For any finite spectrum $X$, we have (co)unit maps $S\xrightarrow{\eta}DX\wedge X\xrightarrow{\epsilon}S$. Given any $f\colon X\to X$ we can form the composite $$ \Lambda(f) = (S \xrightarrow{\eta} DX\wedge X \xrightarrow{1\wedge f} DX\wedge X \xrightarrow{\epsilon} S) \in [S,S] = \mathbb{Z}. $$ This can be computed by the usual Lefschetz formula $$ \Lambda(f) = \sum_{n\in\mathbb{Z}} (-1)^n \text{trace}(f_*\colon H_n(X;\mathbb{Q}) \to H_n(X;\mathbb{Q})) $$ If there exists $f$ with $\Lambda(f)\neq 0\pmod{p}$, then $S$ is $p$-locally a retract of $DX\wedge X$, so the Bousfield classes $\langle X\rangle$ and $\langle S\rangle$ are equal.
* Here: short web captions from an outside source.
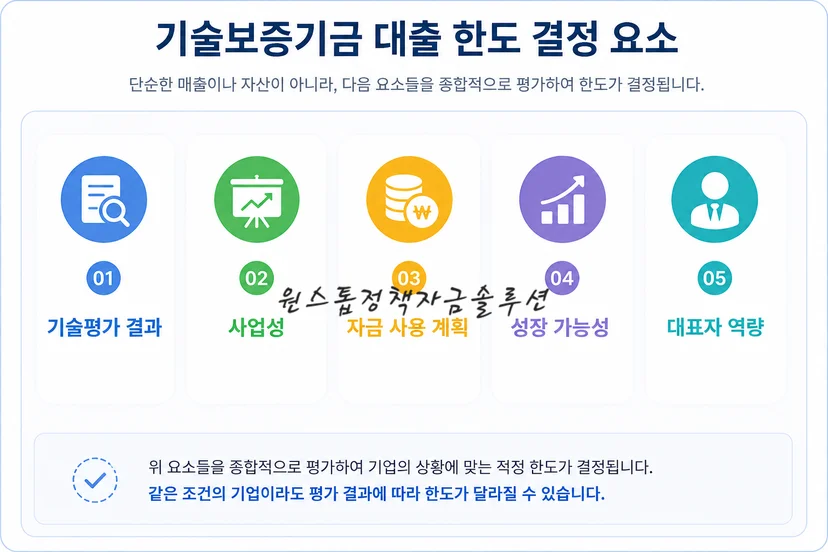 기술보증기금 대출 한도 결정 요소
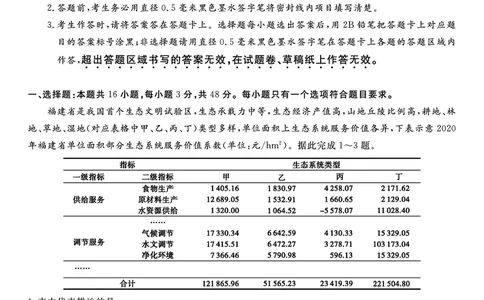 地理试题B&middot;2025年7月高二期末联考_2025年7月_250705安徽省金榜教育2024-2025学年高二下学期期末考试（全科）
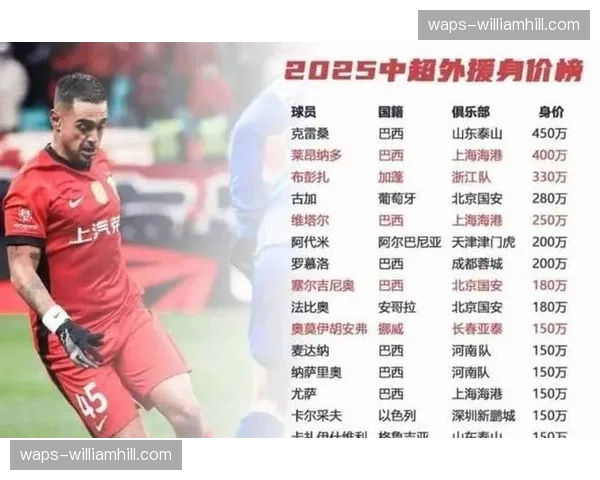 辽宁铁人外援身价破千万欧，成中超唯一超千万外援队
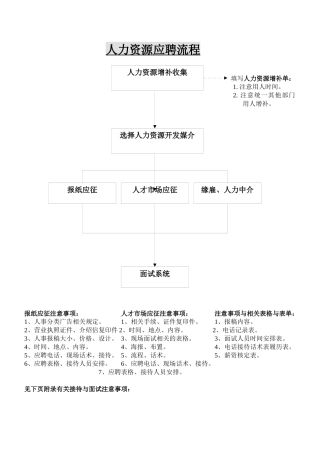 人力资源招聘流程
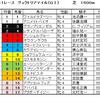 ヴィクトリアマイル予想・・・アパパネの取捨は？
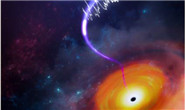 慧眼卫星发现距离黑洞最近的高速喷流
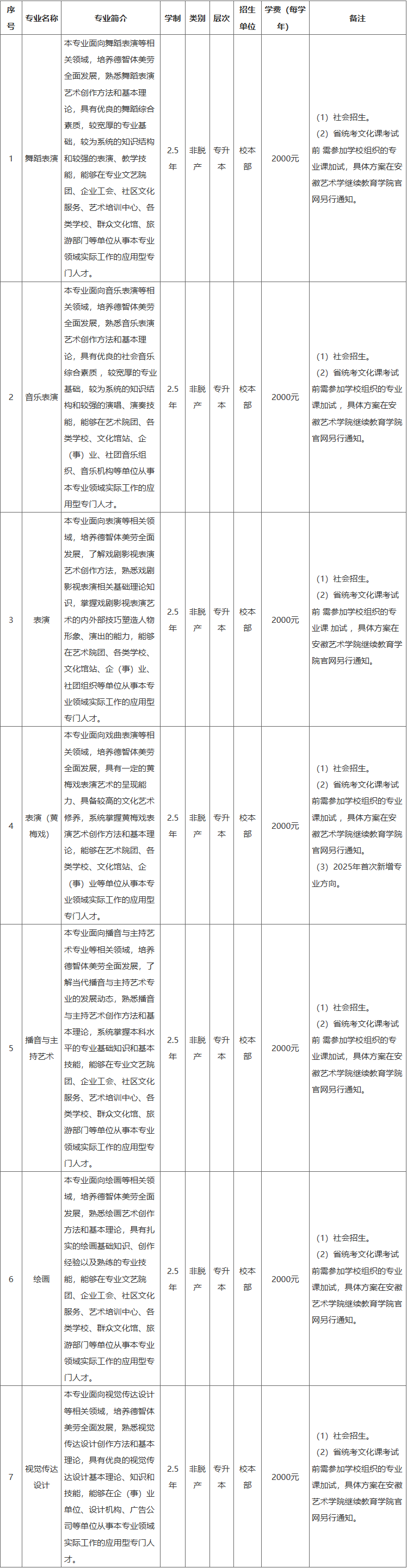 2025年安徽藝術學院高等學歷繼續教育招生簡章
Now consider the case where $X=\Sigma^\infty\mathbb{C}P^n$ for some $n>0$. In the unstable category, cellular approximation gives $$ [\mathbb{C}P^n,\mathbb{C}P^n] = [\mathbb{C}P^n,\mathbb{C}P^\infty] = [\mathbb{C}P^n,K(\mathbb{Z},2)] = H^2(\mathbb{C}P^n) = \mathbb{Z}. $$ If we write $f_q$ for the map corresponding to $q\in\mathbb{Z}$, then the effect on the cohomology ring $$ H^*(\mathbb{C}P^n)=\mathbb{Z}[x]/x^{n+1} = \mathbb{Z}\{1,x,\dotsc,x^n\} $$ is given by $f_q^*(x^k)=q^kx^k$. Put $\lambda(n,q)=\Lambda(\Sigma^\infty f_q)$. When calculating this, it is the trace of $f_q^*$ on reduced cohomology that is relevant, giving $$ \lambda(n,q) = q + q^2 + \dotsb + q^n = q(q^n-1)/(q-1). $$

  • If $p\nmid n$ then $\lambda(n,1)\neq 0\pmod{p}$
  • Now suppose that $p\mid n$ but $p-1\nmid n$ (so $p>2$). Let $q$ be a primitive root mod $p$, so in particular $q-1$ is invertible mod $p$, so there is no problem with interpreting the formula $\lambda(n,q)=q(q^n-1)/(q-1)$ modulo $p$. We then find that $\lambda(n,q)\neq 0\pmod{p}$
  • Now suppose that $p(p-1)\mid n$. By considering the cases $q=0\pmod{p}$, $q=1\pmod{p}$ and $q\neq 0,1\pmod{p}$ separately, we find that $\lambda(n,q)=0\pmod{p}$ for all $q$.

In conclusion:

  • If $p(p-1)\not\mid n$ then the above method proves that $\langle\mathbb{C}P^n\rangle=\langle S\rangle$
  • If $p(p-1)\mid n$ then we still know from nilpotence theory that $\langle\mathbb{C}P^n\rangle=\langle S\rangle$, but the above method does not suffice to prove it.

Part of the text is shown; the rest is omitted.